Cache XSSFRow.FirstCellNum/LastCellNum to avoid O(n) LINQ scans

[ken-swyfft]

Summary

• XSSFRow.GetFirstKey() and GetLastKey() used LINQ Min()/Max() which enumerate all dictionary keys on every call — O(n) per access
• FirstCellNum and LastCellNum are called in tight loops throughout the codebase (cell range iteration during copy, shift, auto-size, formula evaluation)
• Added cached min/max column indices, updated O(1) on CreateCell(), with lazy invalidation on RemoveCell() (only re-scans when a boundary cell is removed)
• Also adds 5 safety-net tests for previously uncovered patterns: sparse rows with distant columns, large column indices (16383), interleaved add/remove sequences, .Cells property ordering, and save/reload ordering persistence

Benchmark results (10,000 repeated FirstCellNum + LastCellNum accesses)

Scenario	Before	After	Speedup	Alloc Before	Alloc After
Sparse row (3 cells)	799 μs	11 μs	71×	2,813 KB	0 B
Dense row (200 cells)	25,724 μs	11 μs	2,276×	4,375 KB	0 B
Full cell range iteration (200 cells)	277 μs	3.1 μs	89×	44 KB	0 B

All 4,542 existing tests pass (OOXML: 1,792, Main: 2,750).

Test plan

• All existing XSSFRow tests pass (inherited from BaseTestRow + BaseTestXRow)
• New tests cover sparse rows, large column indices, interleaved add/remove, ordering after save/reload
• Benchmarks confirm significant speedup and zero allocation
• Builds clean on both net8.0 and net472

🤖 Generated with Claude Code

[ken-swyfft]

Code Review

Overall: Approve. Clean, well-targeted performance optimization. Caching logic is correct, all mutation points are covered, no API/ABI changes.

Correctness — verified complete

All four mutation sites for _cells are properly handled:

Mutation site	Cache action
Constructor (_cells.Add)	UpdateCacheOnAdd called
CreateCell (_cells[idx] = ...)	UpdateCacheOnAdd called
RemoveCell (_cells.Remove)	InvalidateCacheOnRemove called
RebuildCells (_cells.Clear + _cells.Add)	Full invalidation

The sentinel value of -1 is safe — column indices are always non-negative (0–16383), and _cells.Count == 0 is checked before accessing the cache. The short cast is safe because the maximum value is 16384 (max_column + 1), well within short range.

Performance claims — justified

SortedDictionary.Keys.Min() and .Max() are both O(n) via LINQ (LINQ has no way to know the collection is sorted). Cached access is O(1) with zero allocation. The claimed speedups are credible.

Tests

The interleaved add/remove test is particularly well-designed, covering the full lifecycle: empty → add → add → add → remove middle → remove first → add new first → remove last → remove all.
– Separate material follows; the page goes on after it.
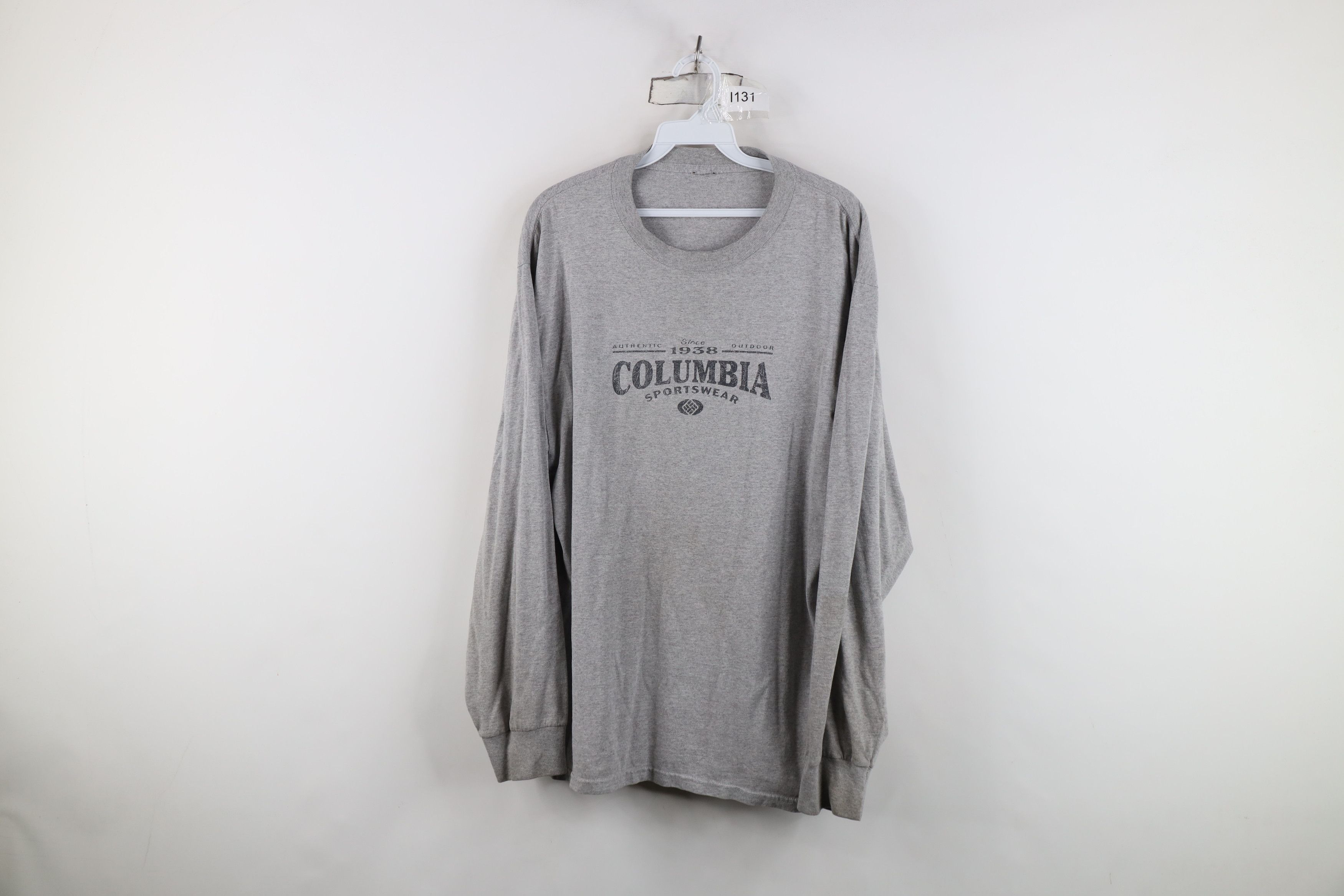 Columbia Vintage Columbia Spell Out Long Sleeve T-Shirt Heather Gray Size US L / EU 52-54 / 3 - 1 Thumbnail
Minor observations (non-blocking)

1. GetFirstKey() could use First() instead of Min() — Since _cells is a SortedDictionary, the enumerator yields keys in ascending order, so _cells.Keys.First() is O(1) vs Min() being O(n). With caching this re-scan is rare, so the practical impact is minimal.

2. RebuildCells could populate the cache eagerly — Since it already iterates all cells, it could track min/max during the rebuild loop instead of invalidating. But RebuildCells is called infrequently, so the lazy approach is fine.